The government began 2018 with a lot of credibilities but Prime Minister Modi has lost a bit of momentum on the way. We saw the key commodity for India, the crude oil, trade all over the place during the year, hitting a high of 86. A crude price above 70 is bad for India as it translates into fiscal inflation, interest rates worries and the currency is affected. The Rupee moved from 65 to 74 on the dollar, later dropping to under 70. Inflation is below 3%, real rates at 4%, reflecting a chance for rate cuts increasing.
Large-cap stocks held their ground during the year while mid-caps fell as much as 30-40%. 2018 was, therefore, a year that went full cycle. The market does not look expensive compared to expected growth
During the first part of the 4th quarter, foreign investors sold about $5bn worth of stocks, and the steady inflow from domestic investors of $1 billion a month took a breather. This trend improved in the last part as we started to see some domestic buying, share buy-backs and net inflow into the market.
From a macro perspective, inflation and growth will be positive for investors.
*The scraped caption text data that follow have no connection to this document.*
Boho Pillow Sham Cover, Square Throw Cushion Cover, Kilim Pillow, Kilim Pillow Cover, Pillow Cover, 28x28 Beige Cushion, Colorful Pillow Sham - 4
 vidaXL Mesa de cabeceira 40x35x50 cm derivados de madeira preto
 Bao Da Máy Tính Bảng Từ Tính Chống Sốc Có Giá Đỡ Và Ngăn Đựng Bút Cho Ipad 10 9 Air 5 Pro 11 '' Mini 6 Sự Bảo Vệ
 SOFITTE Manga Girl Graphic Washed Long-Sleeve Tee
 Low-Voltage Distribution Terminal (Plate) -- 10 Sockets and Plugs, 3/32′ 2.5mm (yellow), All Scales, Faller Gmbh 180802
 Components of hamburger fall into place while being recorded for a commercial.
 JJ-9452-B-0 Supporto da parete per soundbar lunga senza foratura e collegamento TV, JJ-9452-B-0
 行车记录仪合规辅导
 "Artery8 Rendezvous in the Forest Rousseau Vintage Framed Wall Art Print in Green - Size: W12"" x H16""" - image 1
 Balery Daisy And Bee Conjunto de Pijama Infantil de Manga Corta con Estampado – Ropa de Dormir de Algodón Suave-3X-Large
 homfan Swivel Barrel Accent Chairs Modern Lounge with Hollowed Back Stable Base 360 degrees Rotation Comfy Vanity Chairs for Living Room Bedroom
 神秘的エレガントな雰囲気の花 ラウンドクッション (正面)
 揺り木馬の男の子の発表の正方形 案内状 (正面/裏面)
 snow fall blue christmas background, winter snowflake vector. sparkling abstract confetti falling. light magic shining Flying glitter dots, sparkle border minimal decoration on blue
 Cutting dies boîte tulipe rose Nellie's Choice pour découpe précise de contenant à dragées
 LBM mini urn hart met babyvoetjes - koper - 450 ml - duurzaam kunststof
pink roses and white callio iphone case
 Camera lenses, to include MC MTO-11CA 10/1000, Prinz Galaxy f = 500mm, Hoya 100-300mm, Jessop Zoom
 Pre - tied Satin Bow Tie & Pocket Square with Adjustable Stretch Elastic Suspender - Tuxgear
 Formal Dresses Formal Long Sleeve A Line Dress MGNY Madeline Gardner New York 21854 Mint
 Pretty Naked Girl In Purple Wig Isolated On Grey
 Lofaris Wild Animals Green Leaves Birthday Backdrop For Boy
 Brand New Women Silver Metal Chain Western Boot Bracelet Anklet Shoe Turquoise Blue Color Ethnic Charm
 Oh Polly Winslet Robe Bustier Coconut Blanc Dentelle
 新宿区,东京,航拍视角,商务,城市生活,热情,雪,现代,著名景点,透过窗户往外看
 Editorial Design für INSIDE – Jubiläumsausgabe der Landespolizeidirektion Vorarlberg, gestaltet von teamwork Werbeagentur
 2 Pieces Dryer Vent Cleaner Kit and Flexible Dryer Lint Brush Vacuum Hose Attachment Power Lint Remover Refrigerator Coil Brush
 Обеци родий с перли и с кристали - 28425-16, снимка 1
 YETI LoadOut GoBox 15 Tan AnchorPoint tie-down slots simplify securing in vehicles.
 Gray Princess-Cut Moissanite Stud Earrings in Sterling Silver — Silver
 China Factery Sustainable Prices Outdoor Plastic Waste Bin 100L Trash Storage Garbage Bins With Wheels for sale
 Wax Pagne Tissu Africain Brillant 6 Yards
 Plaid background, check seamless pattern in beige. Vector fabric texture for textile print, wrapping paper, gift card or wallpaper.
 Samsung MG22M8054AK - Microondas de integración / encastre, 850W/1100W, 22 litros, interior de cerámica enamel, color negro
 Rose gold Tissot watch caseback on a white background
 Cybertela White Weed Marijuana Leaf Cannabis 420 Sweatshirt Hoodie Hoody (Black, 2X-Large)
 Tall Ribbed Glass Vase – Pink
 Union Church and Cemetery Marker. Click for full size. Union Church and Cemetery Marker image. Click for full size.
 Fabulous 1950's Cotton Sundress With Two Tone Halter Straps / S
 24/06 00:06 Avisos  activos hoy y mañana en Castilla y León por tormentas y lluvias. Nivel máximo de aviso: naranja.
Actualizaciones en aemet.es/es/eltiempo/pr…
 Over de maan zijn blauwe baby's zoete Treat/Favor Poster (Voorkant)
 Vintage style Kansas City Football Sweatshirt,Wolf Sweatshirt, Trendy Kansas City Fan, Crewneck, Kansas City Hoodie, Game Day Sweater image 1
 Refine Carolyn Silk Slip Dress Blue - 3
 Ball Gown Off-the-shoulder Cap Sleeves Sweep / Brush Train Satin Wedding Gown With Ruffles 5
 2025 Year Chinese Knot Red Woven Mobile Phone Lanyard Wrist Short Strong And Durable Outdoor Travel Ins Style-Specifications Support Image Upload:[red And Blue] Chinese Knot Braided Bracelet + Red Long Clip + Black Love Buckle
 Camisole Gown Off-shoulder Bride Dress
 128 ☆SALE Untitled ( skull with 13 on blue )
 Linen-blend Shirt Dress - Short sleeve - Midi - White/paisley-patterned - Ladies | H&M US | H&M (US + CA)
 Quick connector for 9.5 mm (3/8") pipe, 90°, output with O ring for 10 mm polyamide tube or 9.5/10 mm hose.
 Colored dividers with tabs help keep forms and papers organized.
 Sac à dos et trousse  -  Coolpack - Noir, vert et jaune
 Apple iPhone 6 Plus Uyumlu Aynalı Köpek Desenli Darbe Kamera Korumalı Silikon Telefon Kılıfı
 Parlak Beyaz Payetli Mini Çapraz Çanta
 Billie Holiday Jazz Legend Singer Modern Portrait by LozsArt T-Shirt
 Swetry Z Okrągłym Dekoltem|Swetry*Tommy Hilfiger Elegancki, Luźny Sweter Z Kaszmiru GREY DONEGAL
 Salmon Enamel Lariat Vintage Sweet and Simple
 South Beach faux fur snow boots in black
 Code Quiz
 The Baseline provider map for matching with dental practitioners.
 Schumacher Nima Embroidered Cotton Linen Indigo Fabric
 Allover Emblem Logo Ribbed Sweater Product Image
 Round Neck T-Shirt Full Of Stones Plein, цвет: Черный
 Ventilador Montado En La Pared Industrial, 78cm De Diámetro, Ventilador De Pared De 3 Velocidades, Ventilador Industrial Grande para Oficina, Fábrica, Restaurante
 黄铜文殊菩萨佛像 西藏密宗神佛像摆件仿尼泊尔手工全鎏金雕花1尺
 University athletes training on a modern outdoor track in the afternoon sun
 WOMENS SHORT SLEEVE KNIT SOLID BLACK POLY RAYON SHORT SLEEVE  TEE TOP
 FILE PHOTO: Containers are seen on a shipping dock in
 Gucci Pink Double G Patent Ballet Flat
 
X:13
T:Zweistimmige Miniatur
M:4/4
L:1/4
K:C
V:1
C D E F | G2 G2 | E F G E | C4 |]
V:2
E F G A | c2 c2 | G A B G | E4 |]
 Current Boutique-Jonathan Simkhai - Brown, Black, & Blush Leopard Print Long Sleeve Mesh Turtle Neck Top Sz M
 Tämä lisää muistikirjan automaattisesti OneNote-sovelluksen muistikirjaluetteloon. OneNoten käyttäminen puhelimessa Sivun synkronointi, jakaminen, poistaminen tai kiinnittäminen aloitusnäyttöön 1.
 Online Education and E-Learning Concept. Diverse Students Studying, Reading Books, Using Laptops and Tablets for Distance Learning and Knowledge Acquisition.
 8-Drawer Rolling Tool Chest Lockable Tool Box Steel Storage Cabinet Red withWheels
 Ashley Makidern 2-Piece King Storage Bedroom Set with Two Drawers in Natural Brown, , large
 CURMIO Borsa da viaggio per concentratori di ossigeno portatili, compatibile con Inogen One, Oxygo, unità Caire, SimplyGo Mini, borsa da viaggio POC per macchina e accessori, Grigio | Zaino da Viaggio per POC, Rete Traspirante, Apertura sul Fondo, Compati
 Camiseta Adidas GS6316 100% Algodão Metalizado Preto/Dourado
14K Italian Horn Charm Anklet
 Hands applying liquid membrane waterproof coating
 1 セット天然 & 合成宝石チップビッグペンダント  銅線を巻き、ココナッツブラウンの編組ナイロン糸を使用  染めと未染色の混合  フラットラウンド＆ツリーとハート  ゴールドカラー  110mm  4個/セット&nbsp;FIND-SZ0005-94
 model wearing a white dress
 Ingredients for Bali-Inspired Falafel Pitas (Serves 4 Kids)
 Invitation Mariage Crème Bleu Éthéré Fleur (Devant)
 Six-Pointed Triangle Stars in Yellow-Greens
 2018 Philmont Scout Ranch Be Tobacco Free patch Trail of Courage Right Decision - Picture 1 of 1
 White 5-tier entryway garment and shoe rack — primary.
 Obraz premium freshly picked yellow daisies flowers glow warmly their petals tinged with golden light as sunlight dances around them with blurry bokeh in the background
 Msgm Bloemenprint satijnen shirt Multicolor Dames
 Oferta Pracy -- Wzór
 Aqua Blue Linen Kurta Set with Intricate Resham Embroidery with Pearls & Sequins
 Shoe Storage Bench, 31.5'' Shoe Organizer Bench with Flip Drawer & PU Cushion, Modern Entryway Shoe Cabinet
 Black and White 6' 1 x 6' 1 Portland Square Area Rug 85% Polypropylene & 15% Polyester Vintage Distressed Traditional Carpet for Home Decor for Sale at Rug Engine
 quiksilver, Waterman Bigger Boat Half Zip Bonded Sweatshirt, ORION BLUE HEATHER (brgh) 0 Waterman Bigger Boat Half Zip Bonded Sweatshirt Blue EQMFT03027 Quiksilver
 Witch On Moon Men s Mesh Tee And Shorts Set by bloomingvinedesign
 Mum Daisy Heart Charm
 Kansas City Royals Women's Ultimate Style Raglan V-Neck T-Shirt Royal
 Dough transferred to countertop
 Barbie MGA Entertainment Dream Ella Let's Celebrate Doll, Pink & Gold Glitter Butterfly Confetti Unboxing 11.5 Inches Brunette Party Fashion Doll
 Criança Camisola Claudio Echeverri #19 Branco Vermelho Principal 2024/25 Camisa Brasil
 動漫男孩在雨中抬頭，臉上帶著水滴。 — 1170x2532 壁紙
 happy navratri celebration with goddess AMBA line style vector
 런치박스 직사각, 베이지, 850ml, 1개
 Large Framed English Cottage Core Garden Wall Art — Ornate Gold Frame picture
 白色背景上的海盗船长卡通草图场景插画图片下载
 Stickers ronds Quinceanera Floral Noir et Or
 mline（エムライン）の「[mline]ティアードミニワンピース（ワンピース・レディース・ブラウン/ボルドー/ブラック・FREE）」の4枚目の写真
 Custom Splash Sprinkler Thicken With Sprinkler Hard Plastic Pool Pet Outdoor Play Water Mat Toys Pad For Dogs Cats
If the price of crude will remain trade ranging in the 50-65/bbl area, it should not send any dramatic shock waves to the stock market. For the upcoming May election, it may prompt politicians to spend more. The current account is fine and should be managed under 2%, mainly financed by foreign investments and inflow. Long term credit growth has been around 1,5 times nominal GDP (around 12%) to 18%. Credit growth has now moved up to around 15% from 10% and with GDP growth of around 7,2% GDP in 2018, inflation is reasonable, credit growth at about 15%, pointing to sustain high GDP growth rate so exciting outlook from the rise in credit growth.
Expect valuations to generally hold at current levels as inflation is reasonable and inflation should hold below 5%. Earnings growth more key than ever for this year, translating to stock picking.